Spanos Auditorium/Online

Optional ZOOM LINK
Meeting ID: 923 9477 7186
Passcode: 501051

Jugaad is a north Indian word that roughly translates to getting the job done the best way you can with limited resources. The art of Jugaad was, by necessity, the mainstay of research and development before the advent of the Industrial Revolution. Sir Isaac Newton famously invented and built the reflecting telescope with the limited resources on his family farm during the plague of 1665. My talk will be on my 46 wild-turkey years in IBM, where I unknowingly practiced the art of jugaad-style engineering, coupled with a deep reliance on the fundamentals-based approach drilled in me during my IIT Kharagpur undergraduate years. 

I will present the unique jugaad-fundamental approach I took to overcome some of the significant challenges I faced during my IBM years such as a low-cost corrosion chamber I invented and developed for testing electronic hardware; a planar solder joint approach to facilitate the study of electromigration in solders; and a means to test the effect of airborne particulate matter on the reliability of mission-critical computers. 

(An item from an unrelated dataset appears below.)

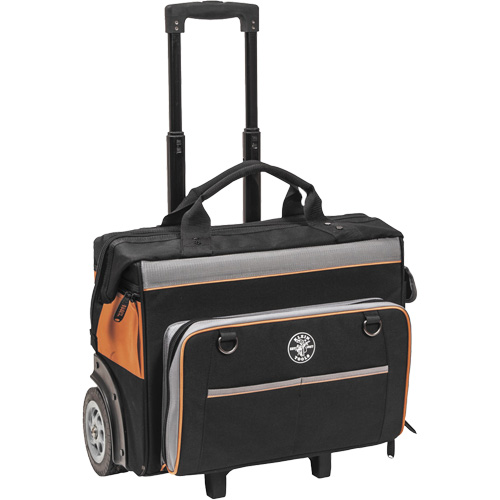 Tradesman Pro Rolling Tool Bag, Ballistic Polyester, 24 Pockets, Black/Orange Auto Electric Service Ltd.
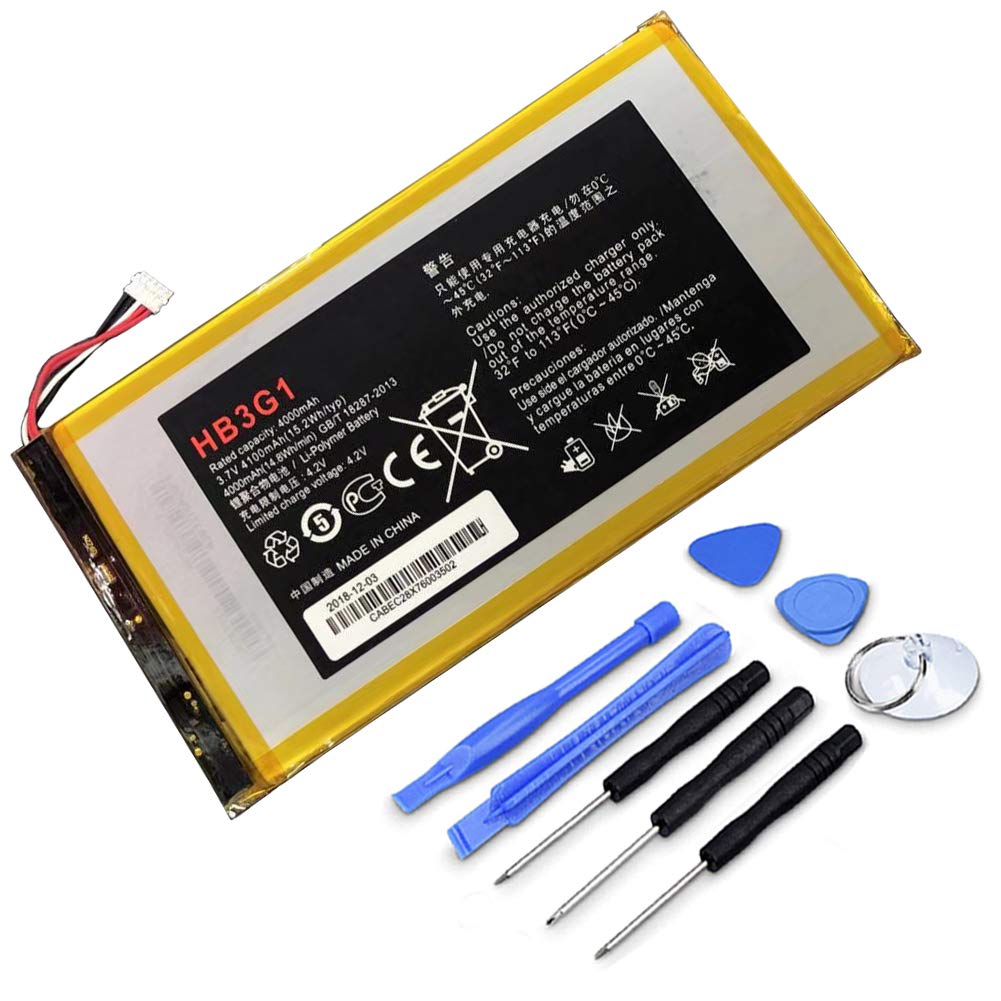 XITAIAN 15.2Wh 4100mAh HB3G1 Replacement Battery for Huawei S7 S7-301U 301W 302 303 (7 inch) 701 931 with Tools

Hosted by Professor Ronald Lasky.

About the Speaker(s)

Prabjit Singh
Senior Technical Staff Member, IBM Poughkeepsie

Prabjit Singh is a senior technical staff member at IBM Poughkeepsie, with 46 years of experience in the metallurgical engineering aspects of mainframe computer power, packaging, cooling, and reliability. For many years, he taught a graduate course on power electronics at The State University of New York at New Paltz. He authored the ASHRAE book on data center gaseous and particulate contamination,  has 89 issued patents, and is an IBM Master Inventor. He is a distinguished alumnus of the Indian Institute of Technology and an iNEMI Fellow.

PJ received a BTech degree in metallurgical engineering from the Indian Institute of Technology in 1969 followed by MS and PhD degrees in metallurgy from the Stevens Institute of Technology, Hoboken, New Jersey. Later, he received an MS in micro-electronic manufacturing from the Rensselaer Polytechnic Institute, Troy, New York, and an MS in electrical engineering from Walden University, Minneapolis, Minnesota.